I thus have the feeling that all three objects share references on the same atoms.
If this is true, I don't understand what happens when iteratively applying transformations to prot_rb at the end of the script : line 100 : prot_rb.set_transformation(fitting_sols.get_transformation(i)) line 102 : rmsd=IMP.atom.get_rmsd(IMP.core.XYZs(ps),IMP.core.XYZs(IMP.core.get_leaves(mh_ref))) line 103 : IMP.atom.write_pdb(mh,"temp_"+str(i)+".pdb") Since the transformations are applied iteratively, I would expect them to be composed; hence, parsing from 1 to fitting_sols.get_number_of_solutions() in this order or in reverse order would not lead to the same result. I checked this behavior, and the solutions are (happily) the same whatever the order in which they are parsed... and I can't guess why…
4.) Is there a difference between prot_rb.set_transformation and IMP.core.transform ?
5.) The signature is not the same for function IMP::em::local_rigid_fitting in the documentation and in the script. In the documentation, it has a ( FittingSolutions & fr) argument whereas, according to the script, this in fact seems to be the return type
6.) I could not find the documentation for the class FittingSolutions
Thanks for any hint
--Ben
> I started my IMP apprenticeship by trying to run and understand the example script local_fitting.py script. I spent some time rewritting it and parsing the documentation, and I come to you now with remaining questions. I am pretty new to the CryoEM field, so I will probably ask naïve questions. If some of these questions can be answered by reading a manual, please tell me which manual and I will be glad to read it. I'm not very familiar with the rigid fitting and em code, so I will just answer the general IMP questions. I've cced Keren who wrote that code in case she is not on this list.
> 1.) As a first remark concerning this script, the module IMP.algebra is used throughout the script, though never imported. Funnily, it puzzles my PyDev plugin but does not appear to lead to execution problems. Now that you mention it, it is puzzling. Various other modules depend on IMP.algebra and the result is that it is imported when you import say, IMP.core. But why this is, I don't really understand.

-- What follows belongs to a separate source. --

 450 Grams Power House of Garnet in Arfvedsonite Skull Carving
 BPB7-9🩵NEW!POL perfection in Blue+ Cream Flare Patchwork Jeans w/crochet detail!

> 2.) I have problems wit regard to the resolution parameter and its apparent absence in density maps : > at line 30 the header of a loaded density map is modified. > dmap.get_header_writable().set_resolution(resolution) > I though, the idea was to fix a possibly distinct resolution value for the resampled map; so I commented the line and replaced it by > sampled_input_density.get_header_writable().set_resolution(resolution) > at line 36… Which resulted in an error during the local fitting process. > I thus checked wether the map header contained a resolution or not : > >>> dmap.get_header().get_has_resolution() > False > >>> dmap.get_header().get_resolution() > nan > Does the resolution never appear it map files ? > What is the incidence/relevance of "arbitrarily" setting this parameter such as it is apparently done in this example ? > > > 3.) I don't fully understand the way objects share elements, and what happens when these elements are moved. > For instance, the three objects : > line 19 : mh=IMP.atom.read_pdb(IMP.em.get_example_path("input.pdb"),m,sel) > line 24 : ps= IMP.Particles(IMP.core.get_leaves(mh)) > line 58 : prot_rb = IMP.atom.setup_as_rigid_body(mh) > > seem to share atoms since when moving : > line 60 : IMP.core.transform(prot_rb,local_trans) > it looks like every atoms in mh and in ps have also been moved. > > I thus have the feeling that all three objects share references on the same atoms. Yes. Particles, Restraints and other things inheriting from IMP.Object are not copied (or copyable). So get_X methods return a shared object when it is an IMP.Object.
> If this is true, I don't understand what happens when iteratively applying transformations to prot_rb at the end of the script : > line 100 : prot_rb.set_transformation(fitting_sols.get_transformation(i)) > line 102 : rmsd=IMP.atom.get_rmsd(IMP.core.XYZs(ps),IMP.core.XYZs(IMP.core.get_leaves(mh_ref))) > line 103 : IMP.atom.write_pdb(mh,"temp_"+str(i)+".pdb") > Since the transformations are applied iteratively, I would expect them to be composed; hence, parsing from 1 to fitting_sols.get_number_of_solutions() > in this order or in reverse order would not lead to the same result. I checked this behavior, and the solutions are (happily) the same whatever the order in which they are parsed... and I can't guess why… See below.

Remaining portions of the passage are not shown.